O Lord, you brought up my soul from Sheol, restored me to life from among those gone down to the Pit. –Psalm 30:3
Dear members and friends,
In the Old Testament, sheol is the Hebrew word that is often translated as “grave,” “hell,” or “pit.” To the ancients Israelites Sheol meant a place of exile with no life and no return. Interestingly, sheol is a noun that originated from another Hebrew word – shaal – which is a verb meaning “to ask or to enquire.” My reflection is that it might have been such a fearful thing to the ancient Israelites to be questioned by God, enough to make the noun form of the word hold a negative meaning. Another very interesting matter is that there is no mention of heaven as a paradisal spiritual realm or hell as an eternal punishment in the Old Testament.

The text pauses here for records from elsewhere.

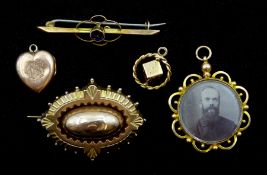 Edwardian gold photograph pendant Birmingham 1909, Victorian gold brooch, gold amethyst bar brooch,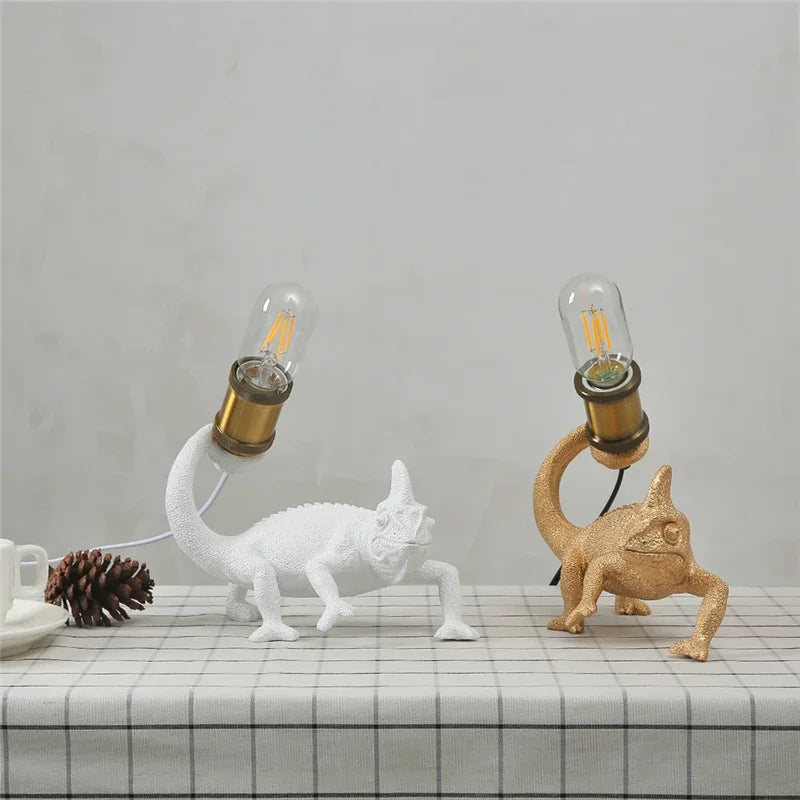 lampe de bureau moderne lézard résine éclairage décoratif pour enfants - vue 5 sur 8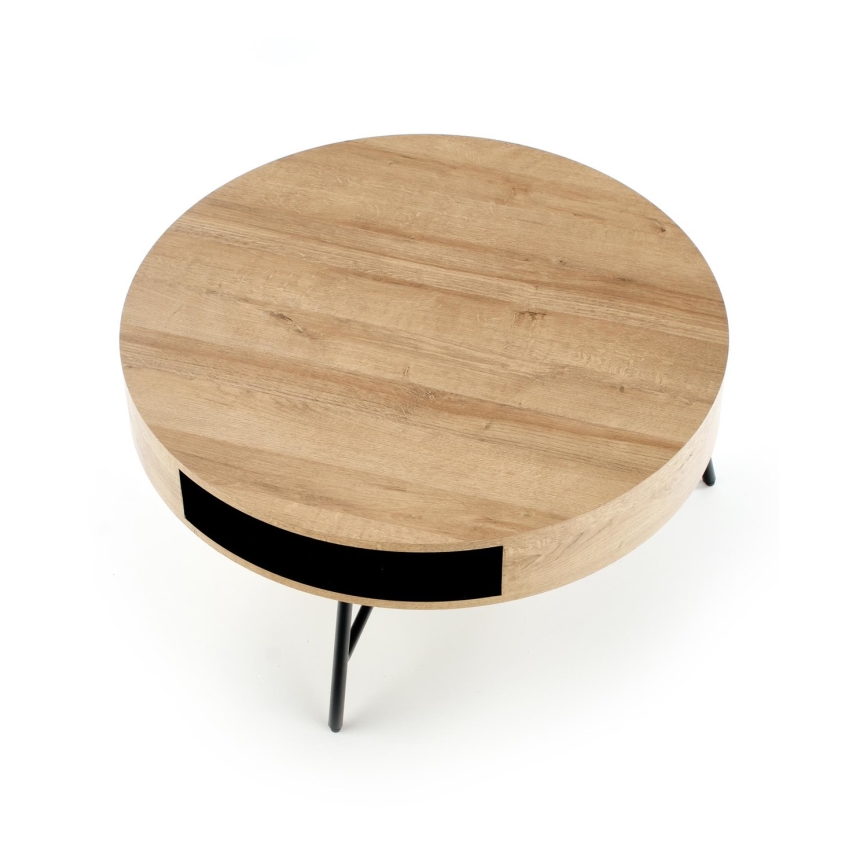 Soffbord CAMILA 41x80 cm gyllene ek/svart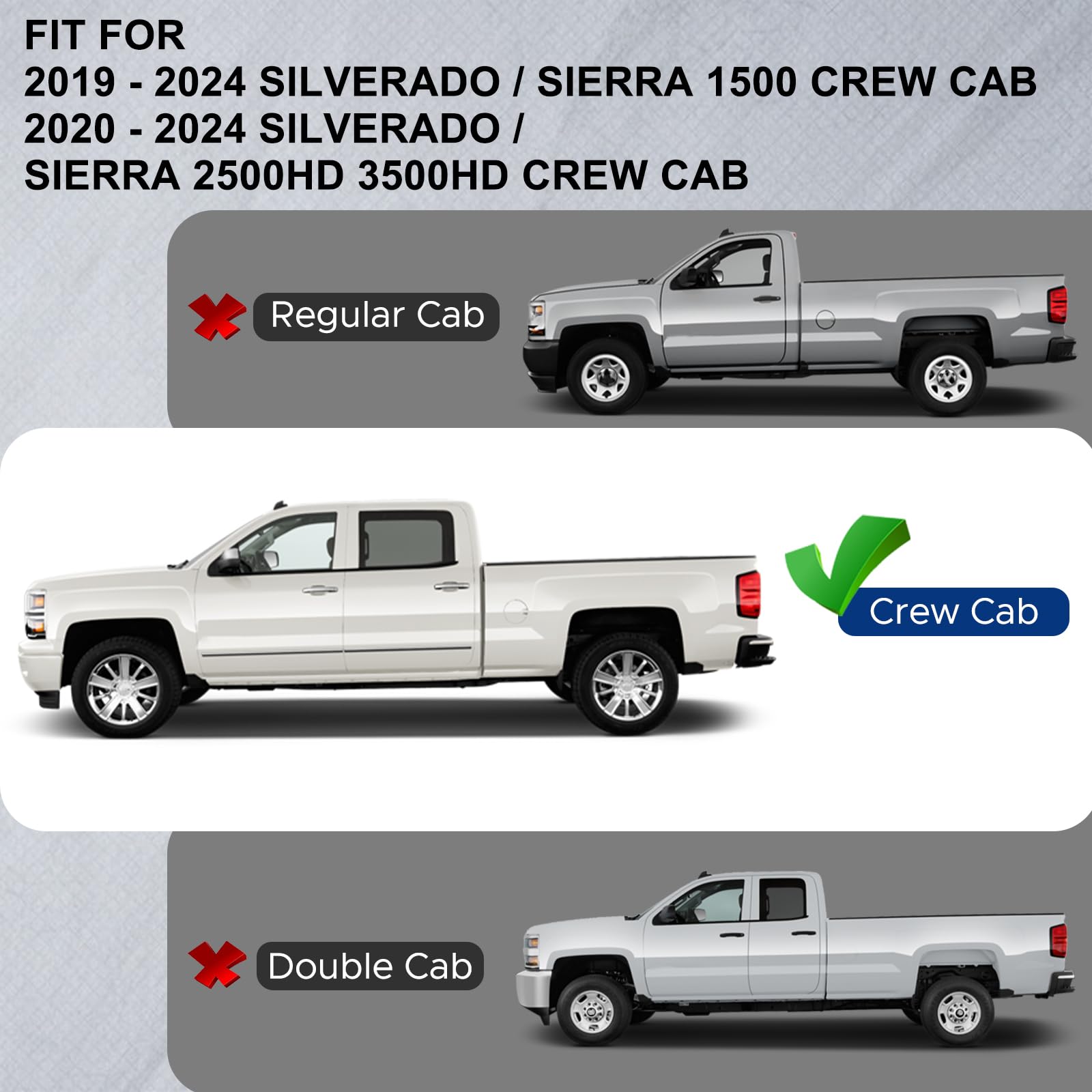 Stainless Steel Running Boards for Chevy Silverado & GMC Sierra 1500/2500HD/3500HD Crew Cab (2019-2024) - 6.5
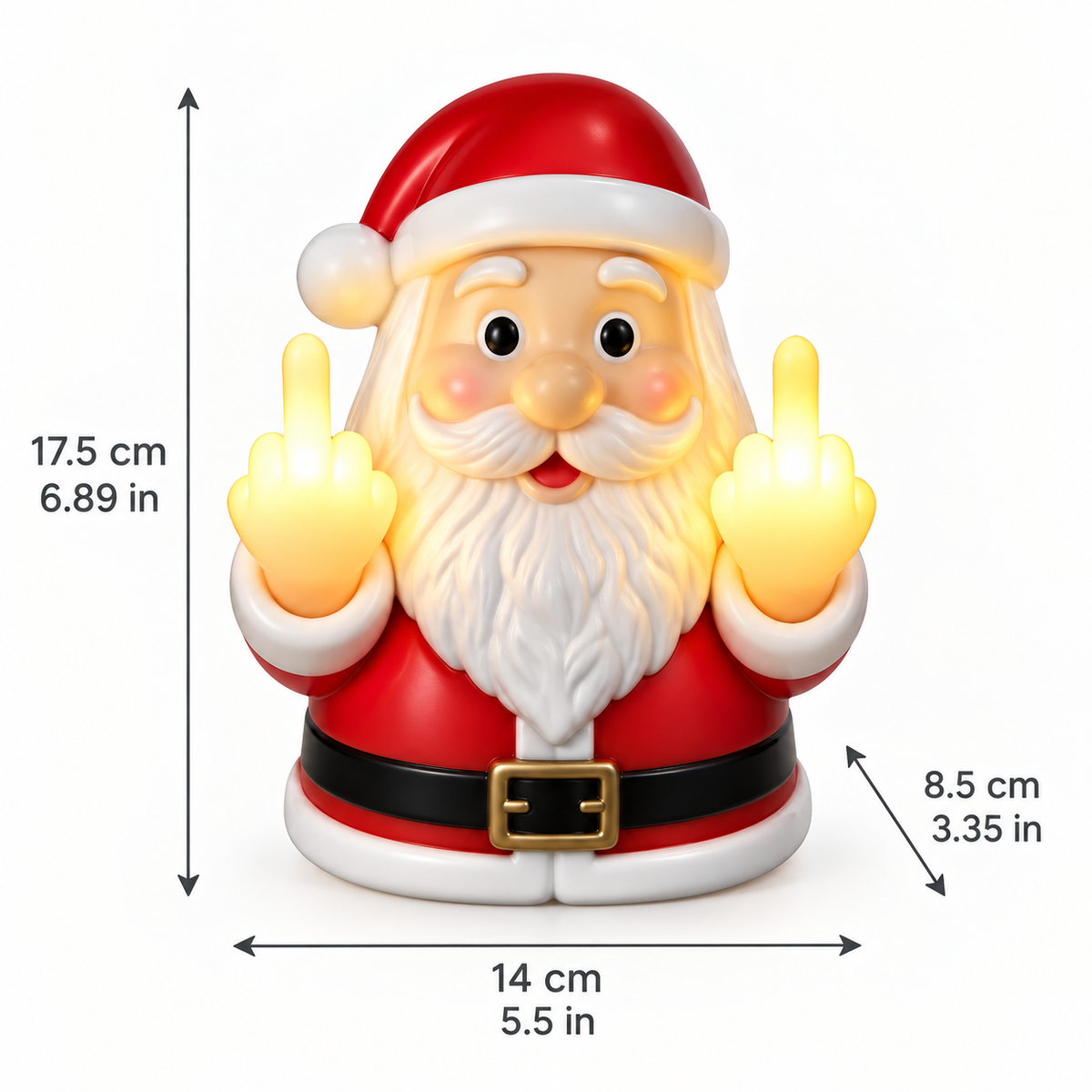 Naughty Santa LED Holiday Light dimensions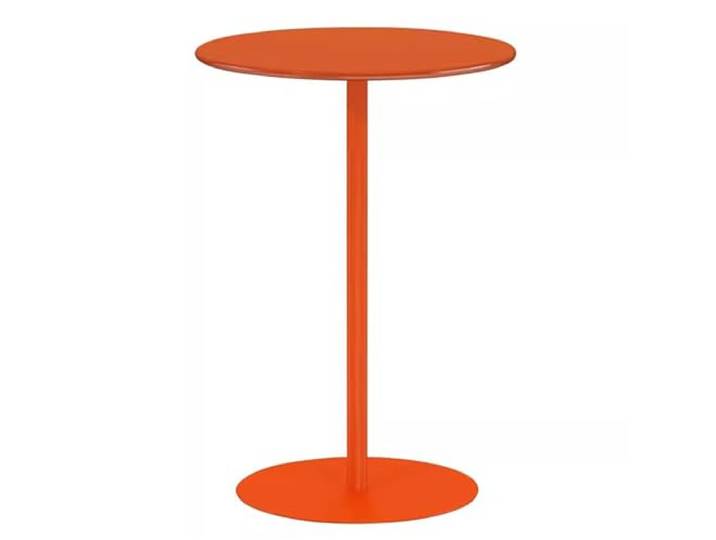 MARIYCH Bistrotisch aus Metall, runder Cocktailtisch in Barhöhe mit Metallfuß, runder hoher Thekentisch in Barhöhe für Küche, Zuhause, Orange (60 x 60 x 72 cm)
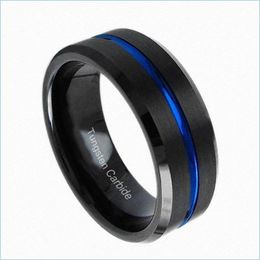 Wedding Rings Wedding Rings 8Mm Tungsten Carbide Ring Black Brushed Blue Stripe Fancy Engagement Bandswedding Drop Delivery 2022 Jewe Dh95L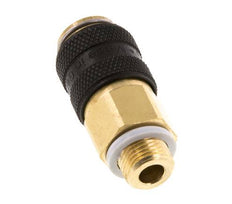 Brass DN 5 Black Air Coupling Socket G 1/8 inch Male Double Shut-Off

To a degree, people seem to be confused about the issues regarding heaven and hell. In my understanding, this might have been caused by the almost two millennia-long effort of the Christian Church of teaching and portraying heaven as a reward and hell as a punishment by God. However, God does not execute either reward or punishment. According to Swedenborg, heaven and hell are not places where you go after death, but spiritual realms that are formed as you live your life on earth. Heaven or hell is formed within oneself in accordance with the pleasures and delights that one consciously chooses to indulge one’s mind. If one behaves selflessly or in such a way as to serve or benefit others as well as oneself, one might be forming a heaven within. On the other hand, if one indulges in acts which are selfish and harmful to others, one might be forming a hell within. The essential difference between the one who is forming heaven and the one who is forming hell is that the former would have a life fulfilment, contentment, and inner joy, while the latter would live a life of doubt, hatred, and delusion.
The experience of heaven or hell is not by divine judgement, but by our own conscious choice!